### What you are asked to do
Keep the pictures out. Copy every line of the listing exactly.

### Supplied information
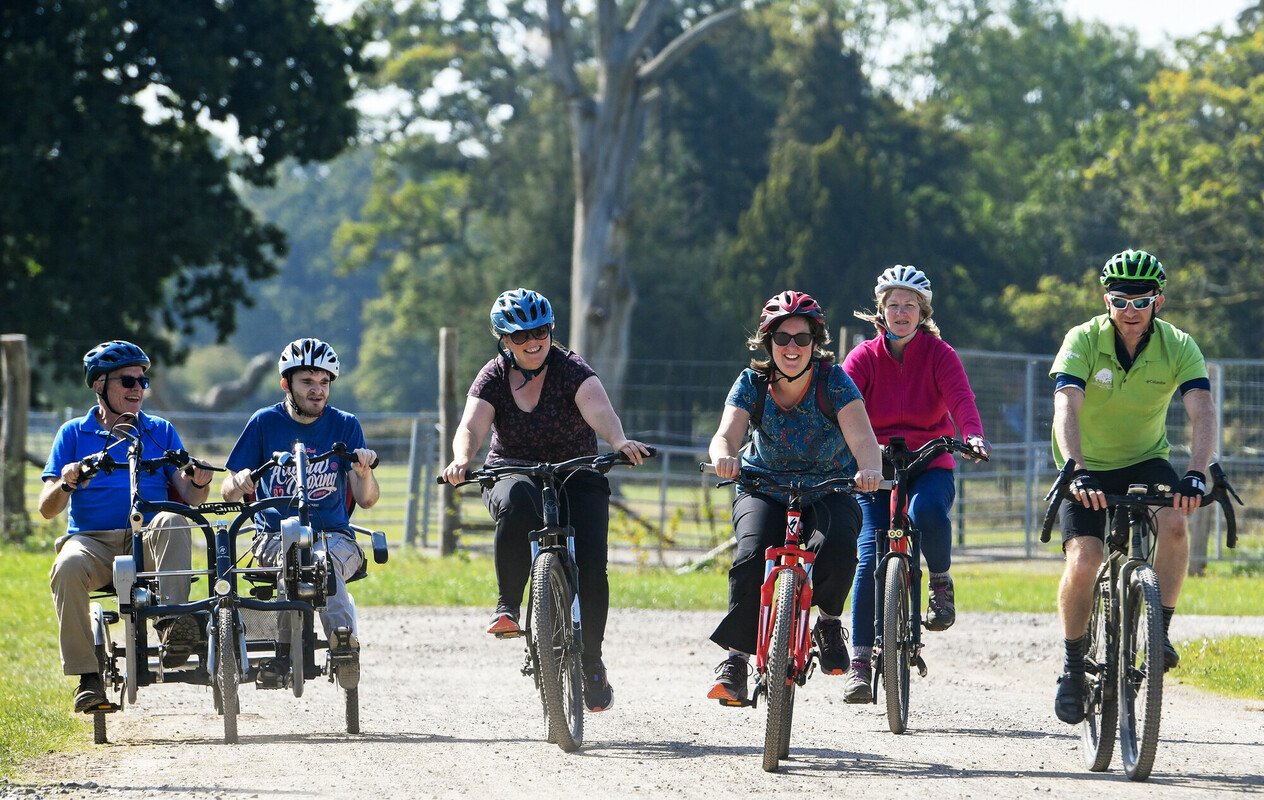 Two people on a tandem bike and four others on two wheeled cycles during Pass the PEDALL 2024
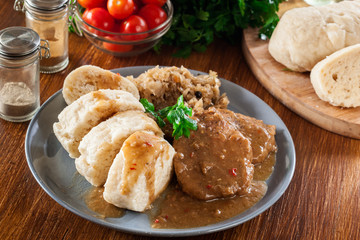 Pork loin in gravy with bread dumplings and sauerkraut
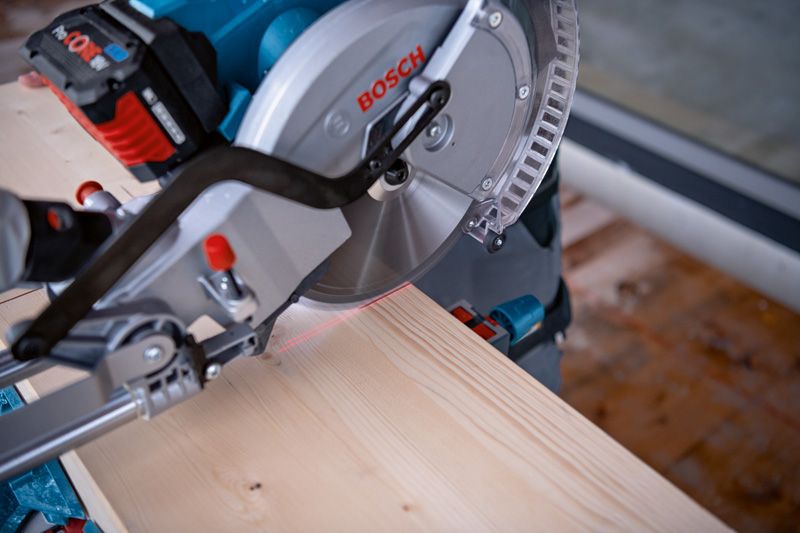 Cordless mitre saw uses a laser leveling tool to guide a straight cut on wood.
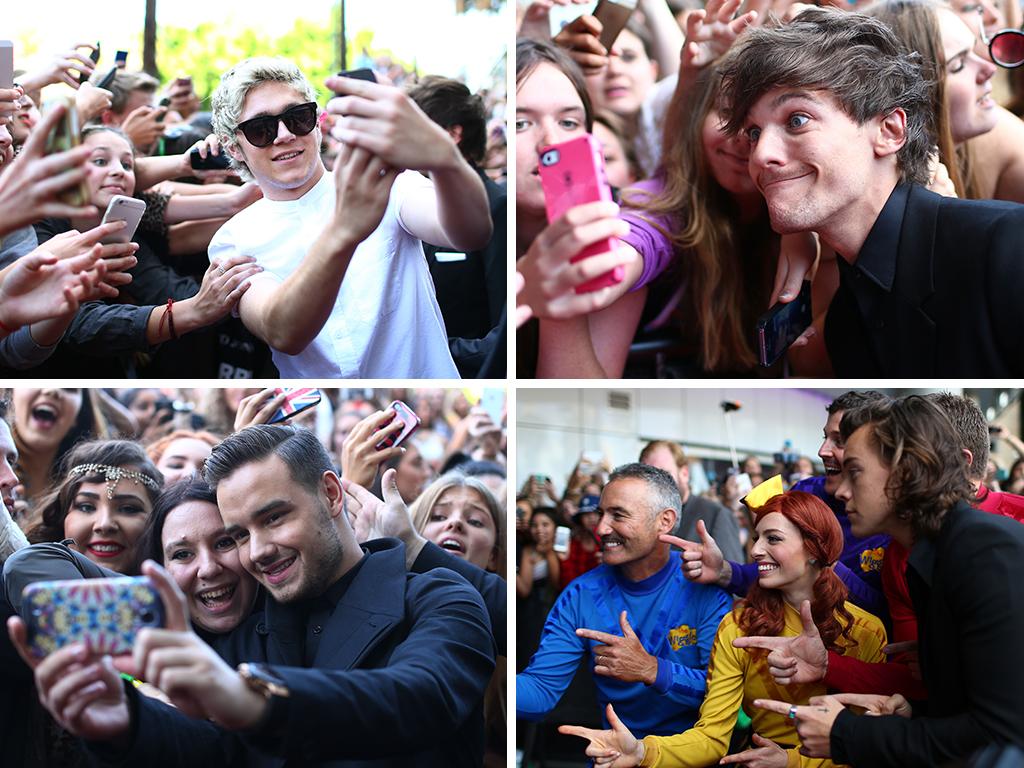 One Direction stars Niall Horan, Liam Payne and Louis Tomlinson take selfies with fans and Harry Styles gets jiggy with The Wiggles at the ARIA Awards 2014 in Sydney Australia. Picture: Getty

### The answer
 Two people on a tandem bike and four others on two wheeled cycles during Pass the PEDALL 2024
 Pork loin in gravy with bread dumplings and sauerkraut
 Cordless mitre saw uses a laser leveling tool to guide a straight cut on wood.
 One Direction stars Niall Horan, Liam Payne and Louis Tomlinson take selfies with fans and Harry Styles gets jiggy with The Wiggles at the ARIA Awards 2014 in Sydney Australia. Picture: Getty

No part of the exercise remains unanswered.